Input records:

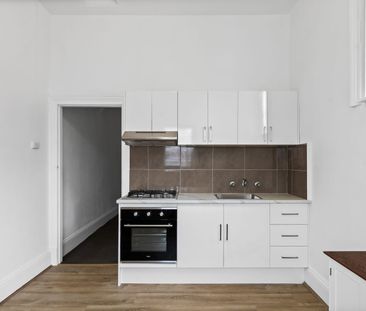 ACCESS THROUGH REAR - One Bedroom Delight! - Photo 1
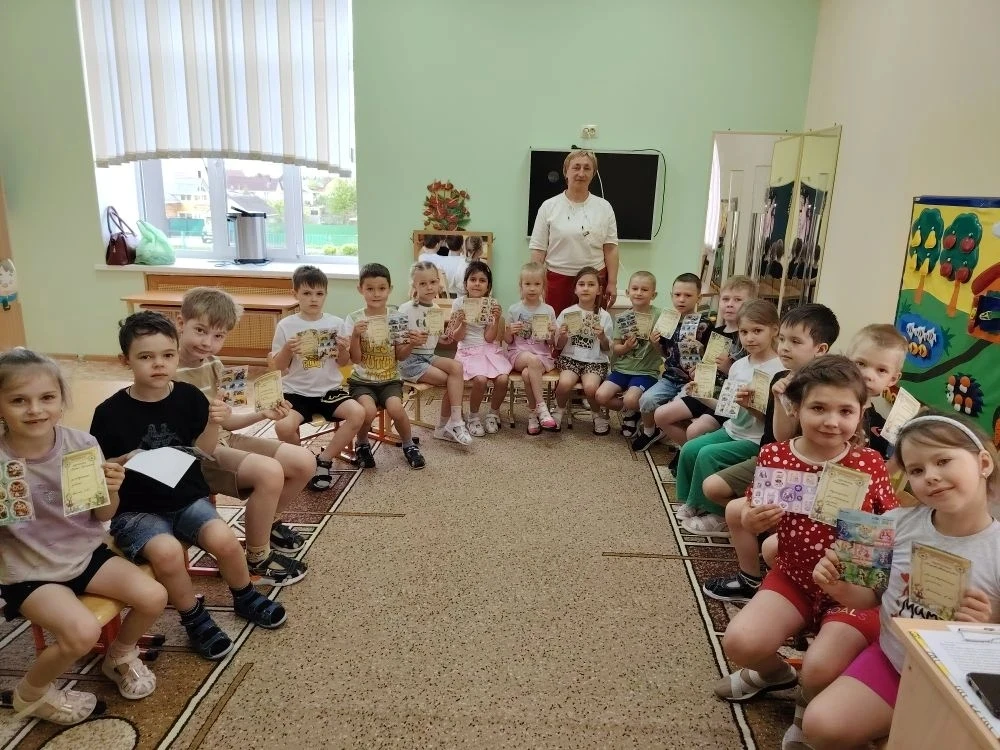 Волшебная бумага!!!
Подведены итоги работы кружка моделирование и конструирование из бумаги. Много н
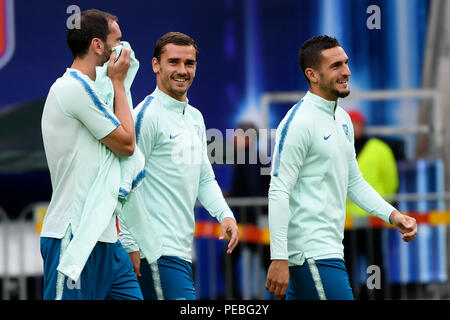 Tallinn, Estland. 14 Aug, 2018. Antoine Griezmann (C) von Atletico Madrid besucht eine Schulung an der Lillekula Stadion in Tallinn, Estland, Nov. 14, 2018. Der UEFA Super Cup Match zwischen Real Madrid und Atletico Madrid wird hier am 12.08.15. statt. Quelle: Xinhua Foto/Sergei Stepanov/Xinhua/Alamy leben Nachrichten Stockfoto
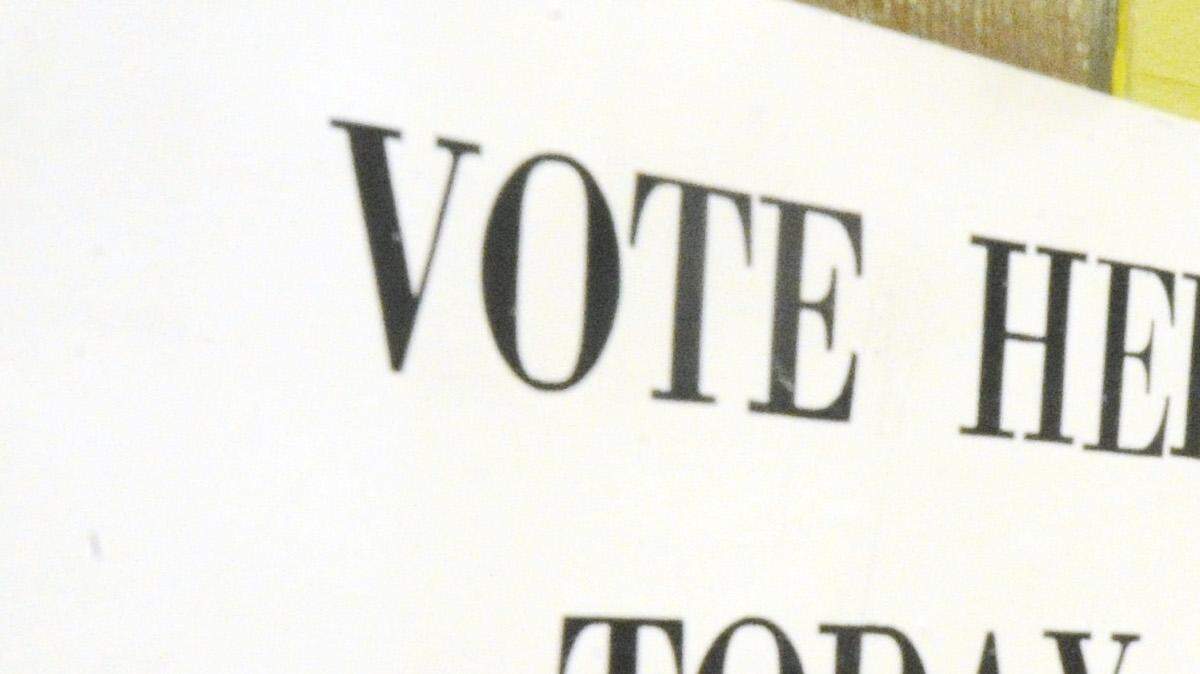 Evelyn Green casts her vote at Memorial Gym on Tuesday, Jan. 14, 2014.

How to complete this task: The task requires that every line above be transcribed exactly, without the images.

Exercise result:
 ACCESS THROUGH REAR - One Bedroom Delight! - Photo 1
 Волшебная бумага!!!
Подведены итоги работы кружка моделирование и конструирование из бумаги. Много н
 Tallinn, Estland. 14 Aug, 2018. Antoine Griezmann (C) von Atletico Madrid besucht eine Schulung an der Lillekula Stadion in Tallinn, Estland, Nov. 14, 2018. Der UEFA Super Cup Match zwischen Real Madrid und Atletico Madrid wird hier am 12.08.15. statt. Quelle: Xinhua Foto/Sergei Stepanov/Xinhua/Alamy leben Nachrichten Stockfoto
 Evelyn Green casts her vote at Memorial Gym on Tuesday, Jan. 14, 2014.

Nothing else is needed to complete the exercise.